* What to produce *
The entries that follow include a run beginning at the line with "Nissan ROOX 2021-04 8075419-13" and ending at the line with "airshow_468310_15"; restate that run word for word and leave the rest out.

(Records from a data source)
■ ■ ■ ■ ■ ■ ■

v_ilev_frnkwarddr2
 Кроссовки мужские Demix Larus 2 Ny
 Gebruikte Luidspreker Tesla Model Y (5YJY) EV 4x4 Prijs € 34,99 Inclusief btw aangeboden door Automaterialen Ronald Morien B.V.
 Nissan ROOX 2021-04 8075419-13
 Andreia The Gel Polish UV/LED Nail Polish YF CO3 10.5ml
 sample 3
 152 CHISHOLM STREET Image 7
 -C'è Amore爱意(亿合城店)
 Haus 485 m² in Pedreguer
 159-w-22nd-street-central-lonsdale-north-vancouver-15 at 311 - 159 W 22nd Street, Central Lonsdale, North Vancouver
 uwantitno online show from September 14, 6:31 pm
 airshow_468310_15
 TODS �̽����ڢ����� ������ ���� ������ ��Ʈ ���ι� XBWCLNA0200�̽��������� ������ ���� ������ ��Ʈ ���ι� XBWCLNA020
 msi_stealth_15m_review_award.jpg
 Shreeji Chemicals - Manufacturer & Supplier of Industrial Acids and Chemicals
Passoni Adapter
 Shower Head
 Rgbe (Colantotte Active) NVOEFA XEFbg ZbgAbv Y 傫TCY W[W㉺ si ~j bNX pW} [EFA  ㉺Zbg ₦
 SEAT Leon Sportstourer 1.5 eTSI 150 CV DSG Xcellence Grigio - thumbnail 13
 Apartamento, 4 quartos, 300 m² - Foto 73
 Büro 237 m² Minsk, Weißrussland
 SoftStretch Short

■ ■ ■ ■ ■ ■ ■

* Result for this task *
 Nissan ROOX 2021-04 8075419-13
 Andreia The Gel Polish UV/LED Nail Polish YF CO3 10.5ml
 sample 3
 152 CHISHOLM STREET Image 7
 -C'è Amore爱意(亿合城店)
 Haus 485 m² in Pedreguer
 159-w-22nd-street-central-lonsdale-north-vancouver-15 at 311 - 159 W 22nd Street, Central Lonsdale, North Vancouver
 uwantitno online show from September 14, 6:31 pm
 airshow_468310_15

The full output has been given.